Just to clear things up: his name is Pierre *Berton*


----------



## Danjanou (5 Dec 2003)

Thanks Jungle

I thought about giving a brief overview of the battle here, but I‘ve done it once on this site and basically I‘m feeling lazy tonight.

Here‘s my review of Berton‘s book. It‘s probably a good place to start a discussion of the battle.  Any specific questions post em and I‘ll try and answer them.

 http://army.ca/cgi-bin/ultimatebb.cgi/topic/14/23? 

BTW JSA First, you care to clarify what you mean about wild ideas there. 

Secondly you‘re technically correct in it not being "big" basically one Corps, one day, actually about half a day in length (aside from one small objective taken the next morning) and really part of a larger battle. The Brits officially refer it is as Arras. 

However I wouldn‘t dismiss it altogether. Aside from the political/propoganda effect it was important for other reasons. A lot of "modern" techniques of combat, battle drills, fire and movement, counter battery fire, etc were developed for and first used there.


----------



## JSA (6 Dec 2003)

No intention to start an argument.  Just stating that in the realm of WW1 history this was a small battle (many small battles have been played up for propaganda purposes by both sides in every conflict).  The Canadian corps was quite ‘cutting edge‘ for their time, probably due to the fact of being sprinked with British professions to stiffen up the bright creative amatuers.  I remember reading somewhere that Gen Currie (the corps commander who is pretty well forgotten in Canada) was to be considered as a replacement for Haig if the war had continuned longer.  As to PB‘s politic‘s, just read his books and form your own opinions.  Mine are probably quite radical by others standards but hey, we still live in a free country.  js


----------



## Michael Dorosh (6 Dec 2003)

> Originally posted by JSA:
> [qb] No intention to start an argument.  Just stating that in the realm of WW1 history this was a small battle (many small battles have been played up for propaganda purposes by both sides in every conflict).  The Canadian corps was quite ‘cutting edge‘ for their time, probably due to the fact of being sprinked with British professions to stiffen up the bright creative amatuers.  I remember reading somewhere that Gen Currie (the corps commander who is pretty well forgotten in Canada) was to be considered as a replacement for Haig if the war had continuned longer.  As to PB‘s politic‘s, just read his books and form your own opinions.  Mine are probably quite radical by others standards but hey, we still live in a free country.  js [/qb]

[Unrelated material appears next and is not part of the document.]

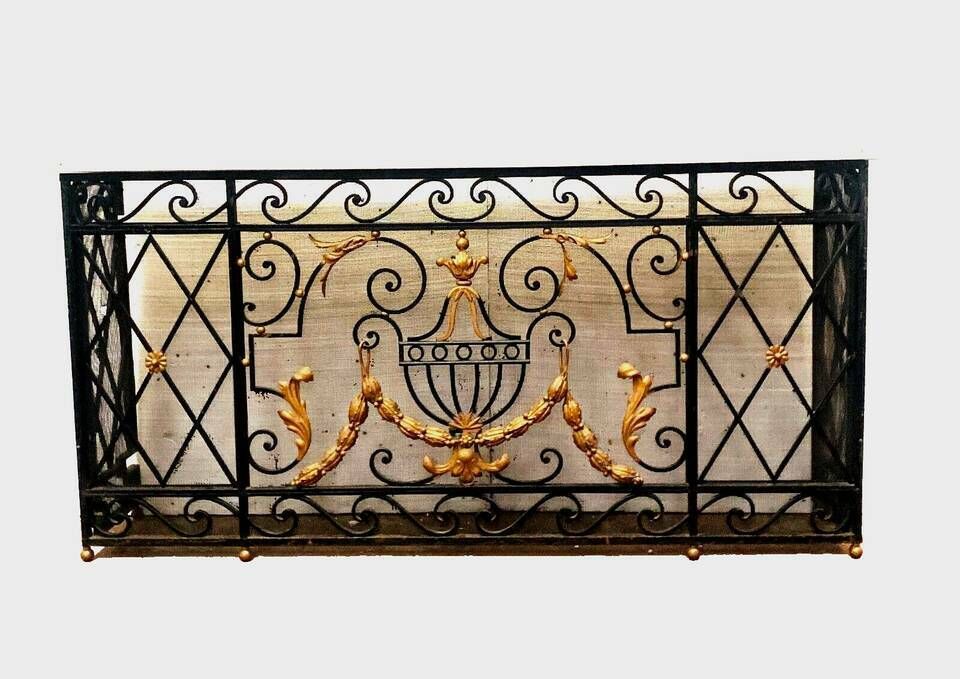 Pair Of Two Leaf Windows In 20th Century Art Deco Stained Glass photo 2038.725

I don‘t know what you mean by the Canadian Corps being sprinkled by "British Professionals".  Certainly Byng was one of them.  But about half the CEF‘s  initial contingent was made up of British-born men who had emigrated to Canada.  The appointment of officers - including division and brigade commanders - was pretty much a Canadian show AFAIK (I am sure Sam Hughes saw to that, look at the appoitnment of Garnet Hughes to command 5 Div, and did he also not have a controversial appointment in 1 Div?)  But again, what constitutes "British" at that time?  Half the CEF could be described as British if you included place of birth among the requirements for that description.  If you are referring solely to British Army Regulars, I‘d have to suggest the CEF had very few of those.  A look at the battalion, brigade and Division commanders would provide some interesting insights.

The "cutting edge" of the Canadian Corps had very little to do with British professionals, and very much more to do with those talented amateurs you describe.

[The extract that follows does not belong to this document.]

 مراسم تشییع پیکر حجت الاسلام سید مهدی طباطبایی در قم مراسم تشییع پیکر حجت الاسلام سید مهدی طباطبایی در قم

Unless you were thinking of something specific?  But calling Andy McNaughton an amateur, for example, seems weak at best given his scientific background and the results he was able to achieve at Vimy with his sound ranging, flash spotting, etc.


----------



## Bill Smy (11 Dec 2003)

First: Pierre Berton is alive and kicking and working on another book.

I recall reading that over 60% of the Canadian Expeditionary Force had been born in the UK.

The geatest concentration of Brits in the CEF were in the first two contingents. One writer has suggested that they anticipated a short war, and this would be an inexpensive way to get a paid trip to the UK.

There was a sprinkling of professional British officers in the CEF. The first Corps Commander was a Brit.

I suspect that by the end of the war the bulk of the British Army were territorials or right off the street.

I have also read that one reason for the success of the Canadian Corps was the excellent British administrative and logistical support.


----------



## onecat (11 Dec 2003)

If you a want better book on WW1 and the Canadian experience try reading "the rites of Spring".  I don‘t have the book on hand so I can‘t the authors names, but is a prof at the U of T.  Its a very good book, goes into the ideas of day, how this affected Canada.  Vimy was actually a very big battle, it was the first any allied army had taken that ground from germans and they did it in one day.  From that point one the Canadian Corp never lost a battle; it was the spread head used in the last 100 days of war.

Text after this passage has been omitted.